EXTRACTED DATA Start Marker
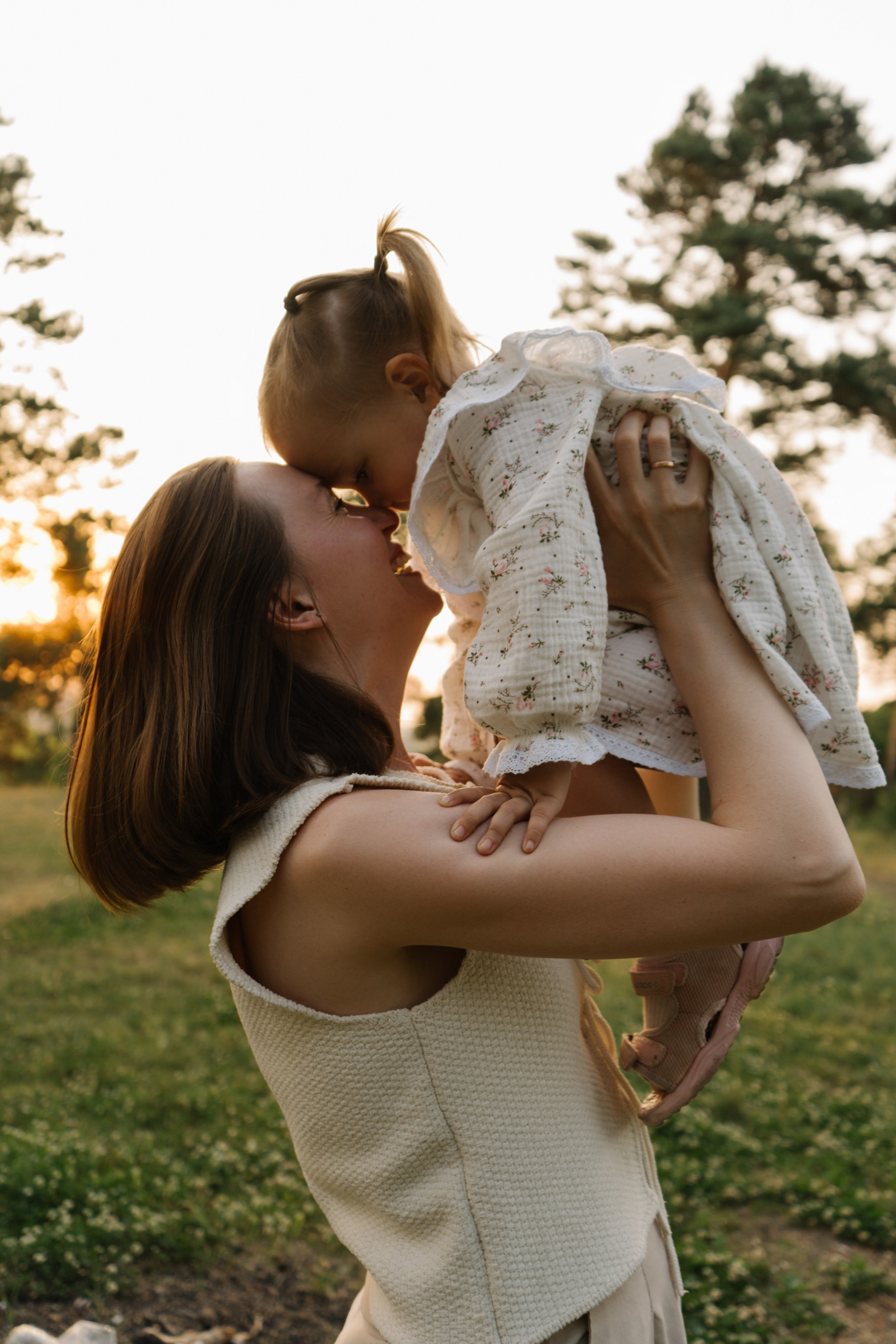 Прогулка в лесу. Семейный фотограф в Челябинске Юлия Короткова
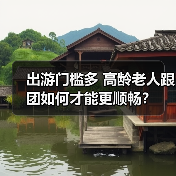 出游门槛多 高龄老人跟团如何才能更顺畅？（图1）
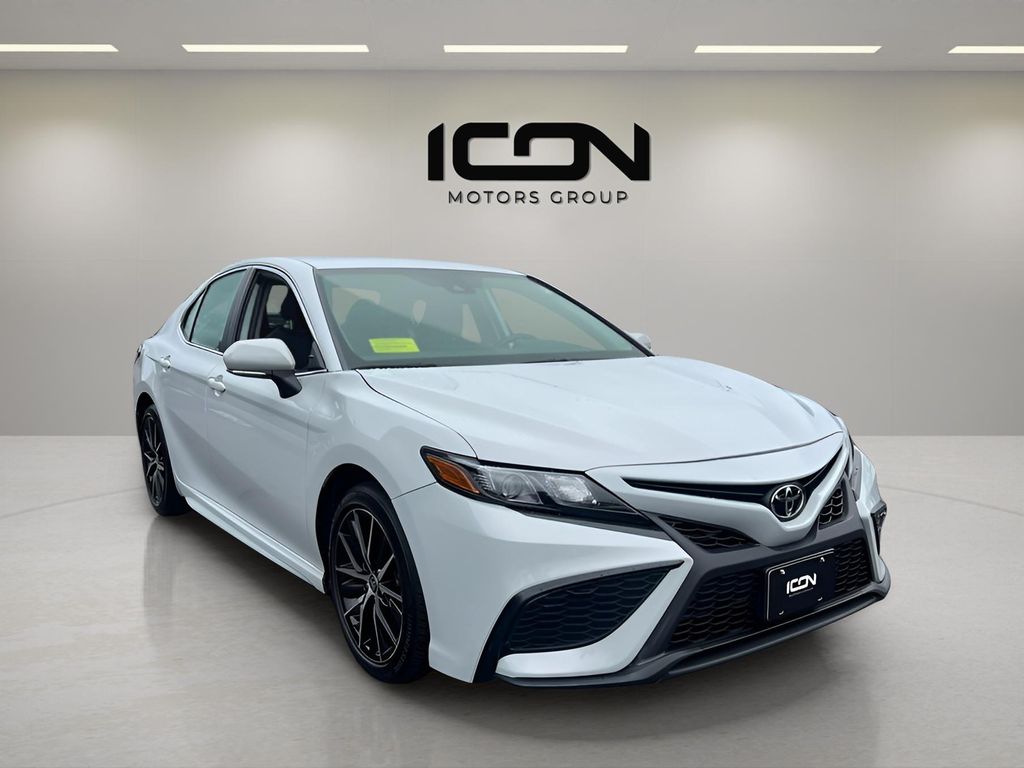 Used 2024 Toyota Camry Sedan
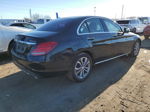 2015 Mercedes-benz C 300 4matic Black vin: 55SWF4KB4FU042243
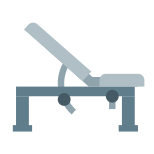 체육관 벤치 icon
EXTRACTED DATA End Marker
§ **ACTIVITY**
Starting at the line with "Used 2024 Toyota Camry Sedan", write out every line exactly through the final line of the records above, both included, and skip the pictures.

§ **FINISHED TASK**
 Used 2024 Toyota Camry Sedan
 2015 Mercedes-benz C 300 4matic Black vin: 55SWF4KB4FU042243
 체육관 벤치 icon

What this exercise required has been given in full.